Народ мой и в запальчивости не переходит границ разума и не теряет сердца. В русской литературе не сыскать слова брани или скалозубства против вражеского воина, пленённого в бою. Мы знаем, что такое военнопленный, и понимаем цену жизни, когда отчаянье соглашается выменять её на позор. Мы не жжём пленных, не уродуем их: мы не немцы!.. Ни заслуженного плевка, ни камня не полетело в сторону вражеской орды, переправляемой с вокзала на вокзал, хотя вдовы, сироты и матери замученных ими стояли на тротуарах во всю длину шествия. Но даже русское благородство не может уберечь от ядовитого слова презренья эту попавшуюся шпану: убивающий ребёнка лишается высокого звания солдата… Это они травили и стреляли наших маленьких десятками тысяч. Ещё не истлели детские тельца в киевских, харьковских и витебских ямах, — маловерам Африки, Австралии и обеих Америк ещё не поздно удостовериться в этих одинаково незаживляемых ранах на теле России, Украины и Белоруссии.

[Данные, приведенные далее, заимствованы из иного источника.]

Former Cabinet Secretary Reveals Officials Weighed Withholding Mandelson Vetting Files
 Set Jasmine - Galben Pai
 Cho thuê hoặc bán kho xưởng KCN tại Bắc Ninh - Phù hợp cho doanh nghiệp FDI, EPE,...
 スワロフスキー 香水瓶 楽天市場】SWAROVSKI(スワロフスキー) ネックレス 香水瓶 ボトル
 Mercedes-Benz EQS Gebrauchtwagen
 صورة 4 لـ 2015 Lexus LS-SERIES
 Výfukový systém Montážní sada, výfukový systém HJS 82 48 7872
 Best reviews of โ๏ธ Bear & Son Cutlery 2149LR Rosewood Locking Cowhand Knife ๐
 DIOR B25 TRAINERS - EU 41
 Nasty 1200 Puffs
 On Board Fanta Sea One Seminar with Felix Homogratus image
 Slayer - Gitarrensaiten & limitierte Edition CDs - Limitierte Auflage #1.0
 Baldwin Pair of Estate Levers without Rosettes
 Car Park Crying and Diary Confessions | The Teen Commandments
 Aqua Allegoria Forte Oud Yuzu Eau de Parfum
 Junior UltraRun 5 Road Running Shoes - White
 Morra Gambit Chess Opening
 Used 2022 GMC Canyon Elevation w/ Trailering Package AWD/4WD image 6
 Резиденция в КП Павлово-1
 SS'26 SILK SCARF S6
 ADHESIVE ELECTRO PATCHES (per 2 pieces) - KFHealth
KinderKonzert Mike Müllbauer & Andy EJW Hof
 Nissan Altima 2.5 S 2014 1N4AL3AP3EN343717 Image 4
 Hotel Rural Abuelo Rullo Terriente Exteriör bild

Брезгливое молчание стояло на улицах Москвы, насыщенной шарканьем ста слишком тысяч ног. Изредка спокойные, ровные голоса, раздумье вслух, доносились до нашего уха:
— Ишь, кобели, что удумали: русских под себя подмять!
Но лишь одно, совсем тихое слово, сказанное на ухо кому-то позади, заставило меня обернуться:
— Запомни, Наточка… это те, которые тётю Полю вешали. Смотри на них!
Это произнесла совсем обыкновенная, небольшая женщина своей дочке, девочке лет пяти. Ещё трое ребят лесенкой стояли возле неё. Соседка пояснила мне, что отца их Гитлер убил в первый год войны. Я пропустил их вперёд. Склонив голову, большими, не женскими руками придерживая крайних двух худеньких девочек постарше, мать глядела на пёструю, текучую ленту пленных. Громадный битюг из немецких мясников, в резиновых сапогах и зелёной маскировочной вуальке поверх жёсткой, пропылённой гривы, переваливаясь, поровнялся с нами и вдруг, напоровшись глазами на эту женщину, отшатнулся, как от улики. Значит, была какая-то непонятная сила во взгляде этой труженицы и героини, заставившая содрогнуться даже такое животное.
— Поизносились немцы в России, — сказал я ей лишь затем, чтобы она обернулась в мою сторону.
На меня глянули умные, чуть прищуренные и очень строгие глаза, много видевшие и ничему не удивляющиеся… а мне показалось, что я заглянул в самую душу столицы моей, Москвы.